By Juliet Garcia-Gonzales
I have many beautiful memories of my family's corn field. Since I was a child, this was the field that grew rows and rows of maiz concho, sometimes blue corn, a variety of root vegetables, alberjon, and lots of beautiful calabazas. On occasion, my father would let the land rest for a while, and take the efforts to a different field. One year, my dad allowed our neighbors horses to graze the field to eat up what was left after a harvest. As a result, the horses brought in seeds of noxious weeds in their manure, and the takeover of the weeds in that field began. I remember looking at the field one season and seeing just a few plants, then from one year to the next it seemed as if they had spread like wildfire. Looking for a solution, and talking about it amongst friends, it was recommended that we try raising some pigs. A few years ago we decided it was worth a try, but the attempt ended in tragedy when the neighbor's dogs got into the pen and killed both our pigs. It was clear we needed a better fence, so in small increments of time, when this precious time was allowed, my husband Edward, along with our sons Ignacio and Augustine, would go out and work on replacing or reinforcing the fence that surrounds the field.

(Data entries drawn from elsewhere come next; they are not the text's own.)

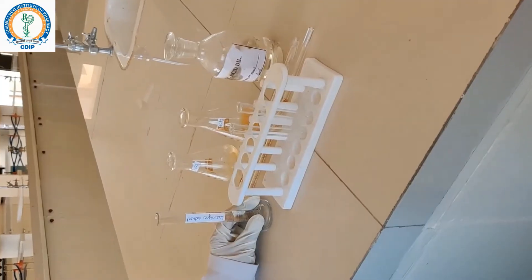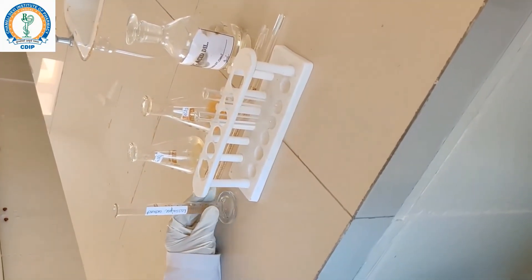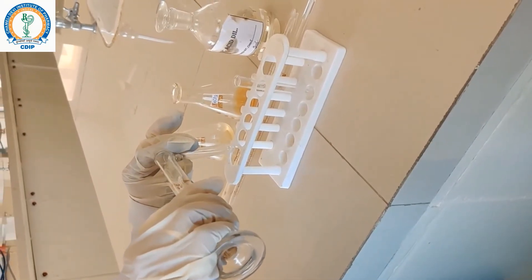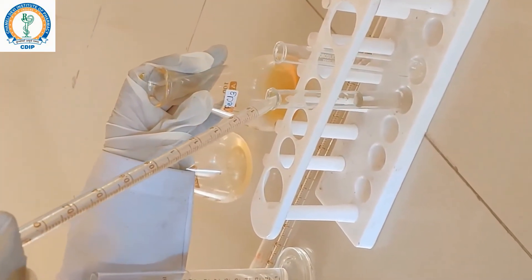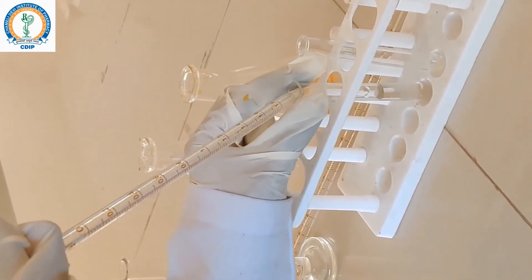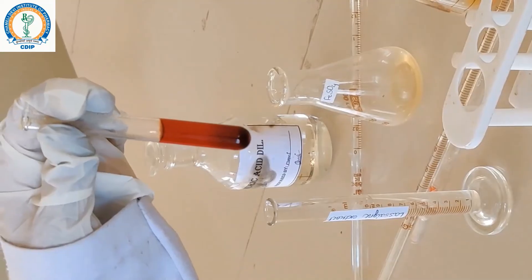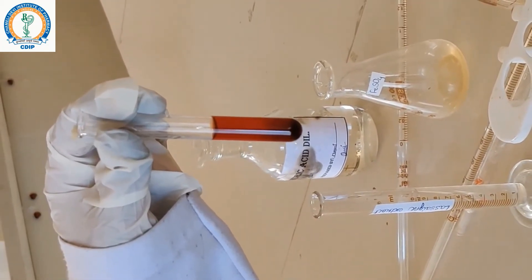If the amount of sodium is too less in the Lassaigne extract, we will perform the ferric chloride test for the detection of sulphur and nitrogen. Transfer a small portion of this Lassaigne extract into a test tube and add a few drops of ferric chloride. The colour change to blood-red colour indicates the presence of sulphur; this is due to the formation of sodium thiocyanate in this test tube.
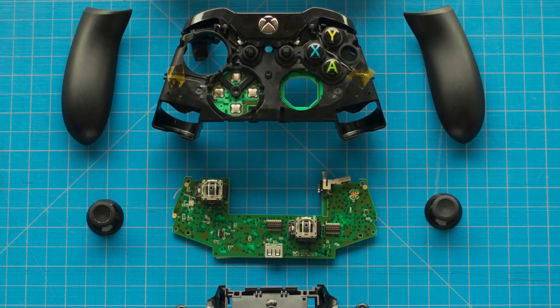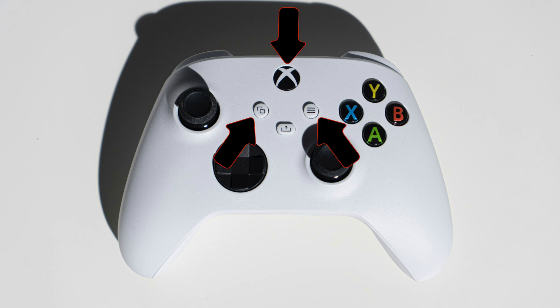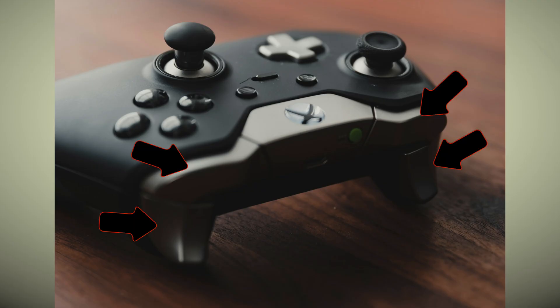First, let's take a look at all of the functions that are actually on an Xbox controller. We have two joysticks, a D-pad made up of four buttons, four face buttons — A, B, X, and Y — three control buttons: back, menu, and the logo button, and two triggers and two buttons on the top.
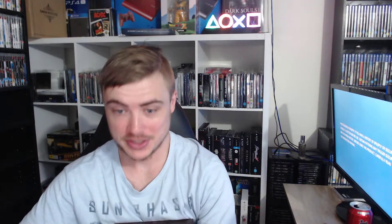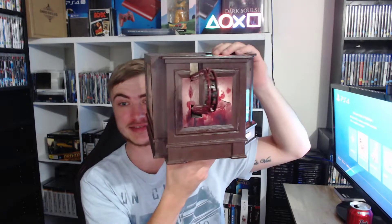Hey guys, it's Fix here and today I'm going to show you guys something special I picked up over the weekend. It is the Resident Evil 4 Chainsaw Controller — this thing is absolutely fantastic.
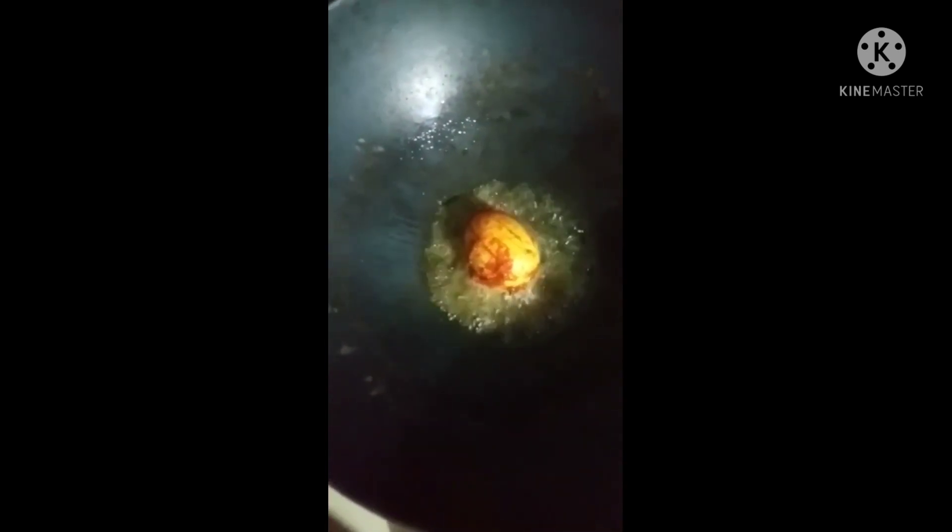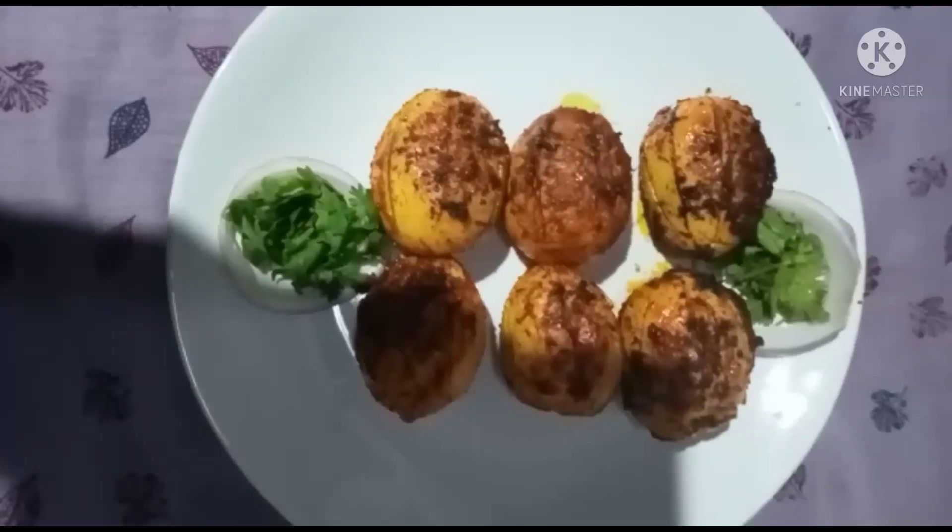I will fry a pan with a little oil. If you want to fry it, you can add a little oil. I will fry it. Then we will fry off the two sides of the egg.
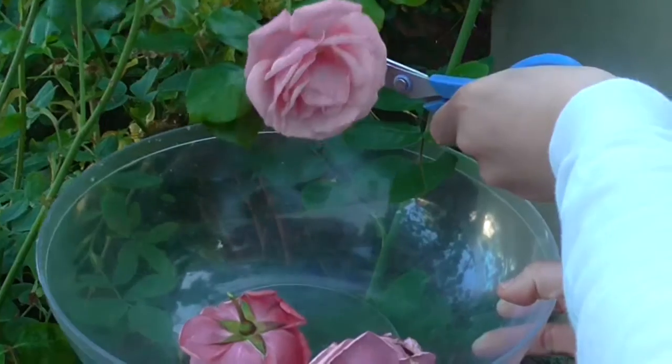Hi guys, it's Maddie and in this video we'll be making a rose petal and white wine sorbet.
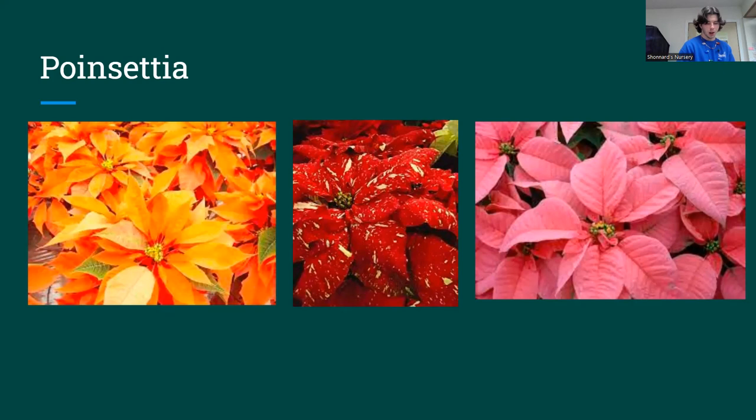For soil, poinsettias like a well-draining potting mixture — I'd do about 50% potting soil and 50% perlite to make it more chunky and well-draining, which keeps the roots really healthy. Repotting, like most houseplants, should be done in the springtime right before they grow in the summertime. Most of our poinsettias come fresh from the farm, so they shouldn't need to be repotted until later on.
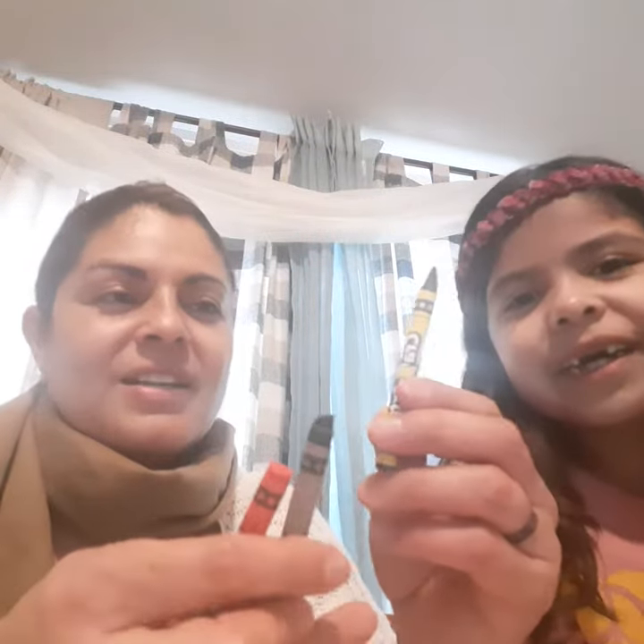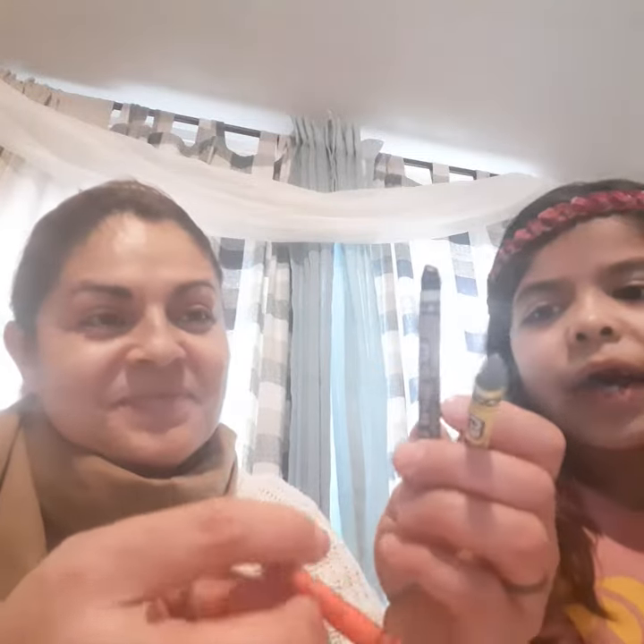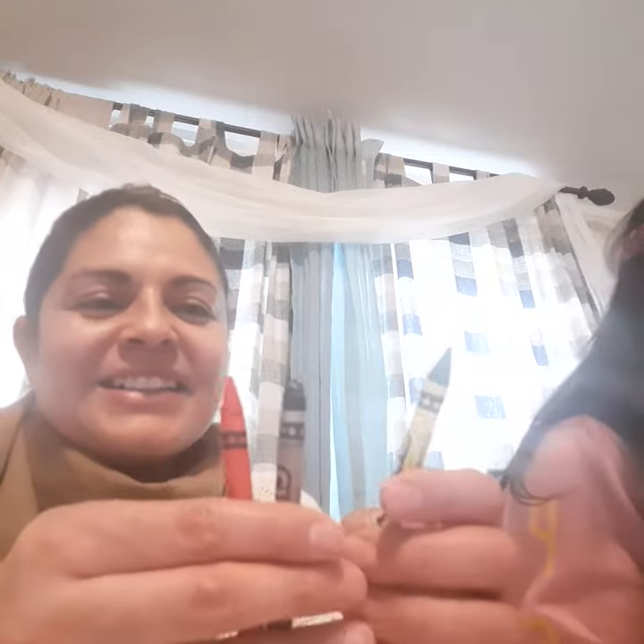I got brown, I got aqua, and I got orange. Now you choose. She has green, brown, and red — actually that's black. Oh, that's black! I can't pick right.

This past May we were able to invest and currently have 3 healthy pigs that keep us busy. Early on, Edward decided to use the frame of an old trampoline, wheels from an old lawn mower tractor and some other material he has acquired to build a move-able "pig tractor", much like the chicken tractors that are popular now. The pigs are now able to be corralled and get moved as needed. They graze a portion of the field for a few days, and then the "tractor" is moved to another plot. We will continue this technique until they have grazed the whole field or until it freezes. Of course Edward is always building and refining his pig tractor design, and we are all fascinated by the pigs, and their ability to root up an area in a really short time, turning it all around, and leaving it fertilized in the same process.
So far the pigs have uprooted and eaten all of the weeds where they have grazed. Our goal is really to have them root out the milk thistle and bind weed in particular. We are happy with the results but we won't know until next year how it affects the bind weed and thistle. But an added benefit is that it's also been easier to keep the pigs fed because they are happy to just graze in their area for days. So it has cut down on daily feeding time. We are excited to see the impact of the fertilizer and their grazing on our garden next year, and will be happy to share the results and information!